The full recursion is then an iteration of these operations. Since stacks, and pairs of stacks, can be encoded, we can perform the same operation as a hylomorphism only using first-order functions.

The first stack will just be a list of natural numbers which we feed into a coalgebra and receive from and algebra. Since I’m using bijective encodings, it does not matter at all what functions are used for the (co)algebra; anything will work. What does matter is appropriate manipulation of the second stack. We will have to vary how its interpreted based on the intermediate type of our hylomorphism. In general, it will be initial over some endofunctor

F[X] = c0 + c1 X + c2 X² + ...

Where c0, c1, … are either finite sets or ℕ. The symbols for our reverse polish notation will then be

RPN[F] = c0 + c1 + c2 + ...

Merely removing the recursive cases.

Using binary trees (the ones that store no data) as an example, let’s say we had a number, say 53, in the first stack. In the anamorphism stage, we’d apply the coalgebra repeatedly to build up an intermediate tree. Applying the coalgebra might yield 234. This would encode a branch layer with 2 and 19 on the branches. We’d push these numbers onto the first stack, while pushing a token representing the branch state, say the symbol “B”, onto the second stack. We’d then apply the coalgebra to 2. If that yielded a 0 it would represent a leaf, so we’d push an “L” onto the second stack. If the coalgebra also returned 0 on 19, we’d end up with an empty first stack, and a second stack of the form {L, L, B}, representing the binary tree B[L, L] in reverse polish notation. In the catamorphism stage, we’d apply our algebra first to “L”, yielding, say, 23, and we’d push that onto the first stack. Repeating that, we’d have two 23s on the first stack and a B left in the second. When the B is received, two elements would be popped off the first stack, combined into a number representing a branch layer with two 23s on both branches (1105), and fed into the algebra. Whatever that output would be pushed onto the first stack. We’d be left with one number in the first stack and nothing in the second, so whatever’s in that first stack would be our ultimate return value.

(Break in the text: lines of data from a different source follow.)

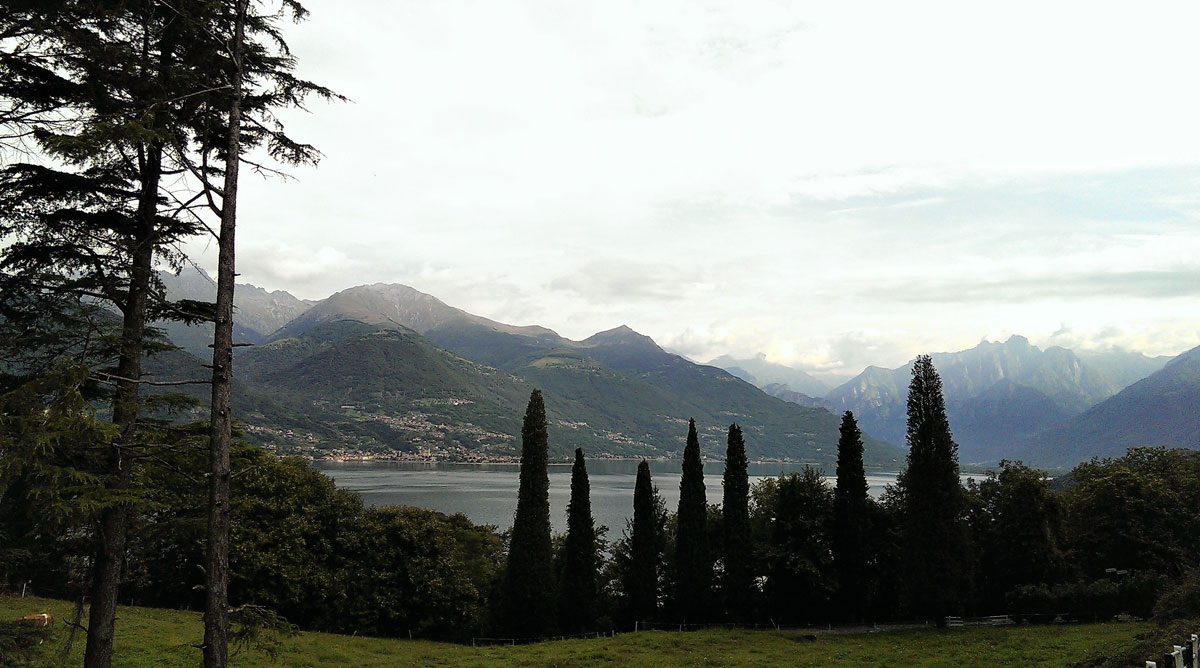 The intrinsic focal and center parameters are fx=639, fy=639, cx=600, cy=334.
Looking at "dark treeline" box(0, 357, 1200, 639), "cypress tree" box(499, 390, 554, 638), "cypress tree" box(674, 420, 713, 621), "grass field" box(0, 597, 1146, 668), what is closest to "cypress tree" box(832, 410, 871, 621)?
"dark treeline" box(0, 357, 1200, 639)

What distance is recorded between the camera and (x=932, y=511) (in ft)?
107

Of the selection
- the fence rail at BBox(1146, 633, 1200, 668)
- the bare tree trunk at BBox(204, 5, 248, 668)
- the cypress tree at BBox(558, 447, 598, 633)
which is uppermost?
the bare tree trunk at BBox(204, 5, 248, 668)

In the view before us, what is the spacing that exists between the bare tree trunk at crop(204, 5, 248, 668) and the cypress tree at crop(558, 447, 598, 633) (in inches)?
1055

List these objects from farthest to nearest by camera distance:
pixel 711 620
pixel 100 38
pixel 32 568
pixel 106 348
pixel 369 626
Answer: pixel 711 620 < pixel 369 626 < pixel 32 568 < pixel 106 348 < pixel 100 38

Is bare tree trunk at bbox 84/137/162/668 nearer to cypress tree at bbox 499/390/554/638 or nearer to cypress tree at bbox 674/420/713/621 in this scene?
cypress tree at bbox 499/390/554/638

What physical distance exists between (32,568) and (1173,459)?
6225 cm

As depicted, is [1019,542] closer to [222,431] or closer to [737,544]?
[737,544]

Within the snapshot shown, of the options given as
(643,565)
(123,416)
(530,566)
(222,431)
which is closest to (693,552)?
(643,565)

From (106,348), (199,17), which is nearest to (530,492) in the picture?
(106,348)

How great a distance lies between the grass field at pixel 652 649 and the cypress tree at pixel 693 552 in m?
5.51

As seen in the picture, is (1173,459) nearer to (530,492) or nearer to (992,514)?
(992,514)

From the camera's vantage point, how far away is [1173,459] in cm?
3834

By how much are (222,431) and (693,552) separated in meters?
31.6

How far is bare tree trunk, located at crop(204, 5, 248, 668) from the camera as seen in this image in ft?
27.7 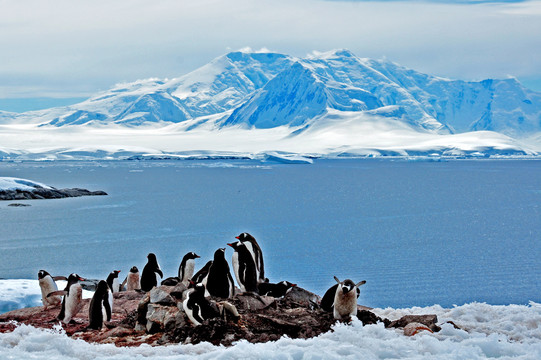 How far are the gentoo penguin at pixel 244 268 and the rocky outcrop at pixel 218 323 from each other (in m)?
0.79

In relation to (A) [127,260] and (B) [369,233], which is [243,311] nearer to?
(A) [127,260]

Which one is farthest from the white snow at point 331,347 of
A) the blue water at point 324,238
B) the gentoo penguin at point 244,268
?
the blue water at point 324,238

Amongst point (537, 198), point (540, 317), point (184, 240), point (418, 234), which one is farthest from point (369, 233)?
point (537, 198)

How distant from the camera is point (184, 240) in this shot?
3319 cm

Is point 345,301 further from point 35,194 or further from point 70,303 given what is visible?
point 35,194

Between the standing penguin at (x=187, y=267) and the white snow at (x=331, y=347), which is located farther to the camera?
the standing penguin at (x=187, y=267)

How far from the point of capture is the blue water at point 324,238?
2242 cm

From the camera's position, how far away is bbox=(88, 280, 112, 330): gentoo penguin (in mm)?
9914

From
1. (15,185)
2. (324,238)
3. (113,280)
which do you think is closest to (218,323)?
(113,280)

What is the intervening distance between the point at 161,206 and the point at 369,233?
2243 cm

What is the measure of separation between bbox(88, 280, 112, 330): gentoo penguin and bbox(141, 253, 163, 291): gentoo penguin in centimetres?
347

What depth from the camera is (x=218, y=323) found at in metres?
8.80

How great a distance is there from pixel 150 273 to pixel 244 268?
348 cm

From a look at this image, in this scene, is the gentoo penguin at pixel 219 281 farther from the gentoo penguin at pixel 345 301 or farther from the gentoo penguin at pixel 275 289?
the gentoo penguin at pixel 345 301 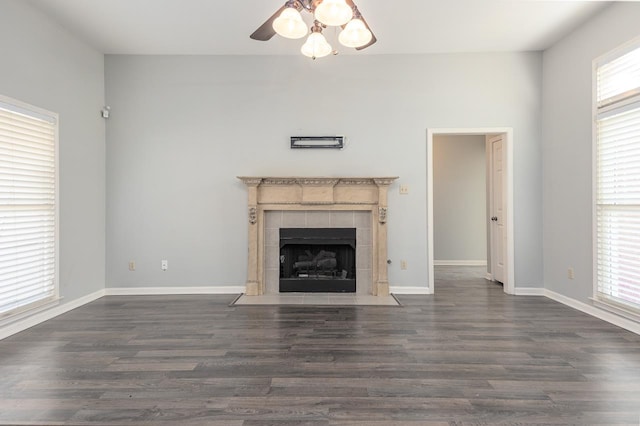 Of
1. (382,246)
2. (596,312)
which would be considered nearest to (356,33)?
(382,246)

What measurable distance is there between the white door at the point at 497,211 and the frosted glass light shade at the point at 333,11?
11.6ft

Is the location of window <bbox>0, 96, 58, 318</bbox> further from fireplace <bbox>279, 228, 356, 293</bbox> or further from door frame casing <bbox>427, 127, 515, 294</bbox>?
door frame casing <bbox>427, 127, 515, 294</bbox>

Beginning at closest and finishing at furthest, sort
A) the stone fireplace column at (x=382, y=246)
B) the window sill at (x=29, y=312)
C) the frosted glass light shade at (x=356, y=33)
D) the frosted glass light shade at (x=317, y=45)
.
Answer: the frosted glass light shade at (x=356, y=33), the frosted glass light shade at (x=317, y=45), the window sill at (x=29, y=312), the stone fireplace column at (x=382, y=246)

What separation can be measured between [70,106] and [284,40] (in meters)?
2.48

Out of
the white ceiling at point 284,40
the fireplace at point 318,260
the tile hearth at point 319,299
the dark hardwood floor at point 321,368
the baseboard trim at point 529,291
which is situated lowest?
the dark hardwood floor at point 321,368

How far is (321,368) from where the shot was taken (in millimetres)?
2203

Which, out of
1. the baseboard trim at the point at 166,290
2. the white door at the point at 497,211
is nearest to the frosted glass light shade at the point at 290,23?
the baseboard trim at the point at 166,290

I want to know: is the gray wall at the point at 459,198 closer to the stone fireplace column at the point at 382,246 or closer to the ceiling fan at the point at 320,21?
the stone fireplace column at the point at 382,246

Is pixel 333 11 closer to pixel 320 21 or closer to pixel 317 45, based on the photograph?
pixel 320 21

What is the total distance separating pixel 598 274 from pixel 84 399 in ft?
14.6

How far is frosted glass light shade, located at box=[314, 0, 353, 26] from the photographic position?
171 cm

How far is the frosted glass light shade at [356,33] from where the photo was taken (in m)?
1.98

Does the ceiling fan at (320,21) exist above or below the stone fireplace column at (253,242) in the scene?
above

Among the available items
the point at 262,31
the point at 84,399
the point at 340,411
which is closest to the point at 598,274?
the point at 340,411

Let me code up an explicit example using binary trees before I convert quicksort into this format.

treeAnaStep[coalg_, {{}, {s___}}] := {{}, {s}}
treeAnaStep[coalg_, {{n_, ns___}, {s___}}] :=
 With[{l = coalg@n},
  If[
   l == 0,
   {{ns}, {L, s}},
   {{treeLeft[l], treeRight[l], ns}, {B, s}}
   ]]

treeCataStep[alg_, {{n___}, {}}] := {{n}, {}}
treeCataStep[alg_, {{ns___}, {L, s___}}] := {{alg[0], ns}, {s}}
treeCataStep[alg_, {{l_, r_, ns___}, {B, s___}}] :=
  {{alg[branch[l, r]], ns}, {s}}

We can repeatedly iterate these functions to manipulate the stack. It may be helpful to see an example evaluated over time. I’ll calculate the number of leaves in an input tree. Since the input is being interpreted as a tree, we can use the identity function as our coalgebra so it doesn’t affect its structure. The algebra will simply return 1 on a leaf and add the two branches together on anything else.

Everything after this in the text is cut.